== THE INPUT

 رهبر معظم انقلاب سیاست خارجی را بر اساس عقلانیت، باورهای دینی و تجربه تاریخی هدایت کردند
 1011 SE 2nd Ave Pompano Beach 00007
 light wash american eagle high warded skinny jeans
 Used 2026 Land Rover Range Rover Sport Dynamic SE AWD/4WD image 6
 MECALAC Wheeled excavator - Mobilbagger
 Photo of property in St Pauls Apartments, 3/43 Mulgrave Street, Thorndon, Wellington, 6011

====

> **WORK ITEM**
Restate the listing in full, preserving every word.

> **RESPONSE AREA**
 رهبر معظم انقلاب سیاست خارجی را بر اساس عقلانیت، باورهای دینی و تجربه تاریخی هدایت کردند
 1011 SE 2nd Ave Pompano Beach 00007
 light wash american eagle high warded skinny jeans
 Used 2026 Land Rover Range Rover Sport Dynamic SE AWD/4WD image 6
 MECALAC Wheeled excavator - Mobilbagger
 Photo of property in St Pauls Apartments, 3/43 Mulgrave Street, Thorndon, Wellington, 6011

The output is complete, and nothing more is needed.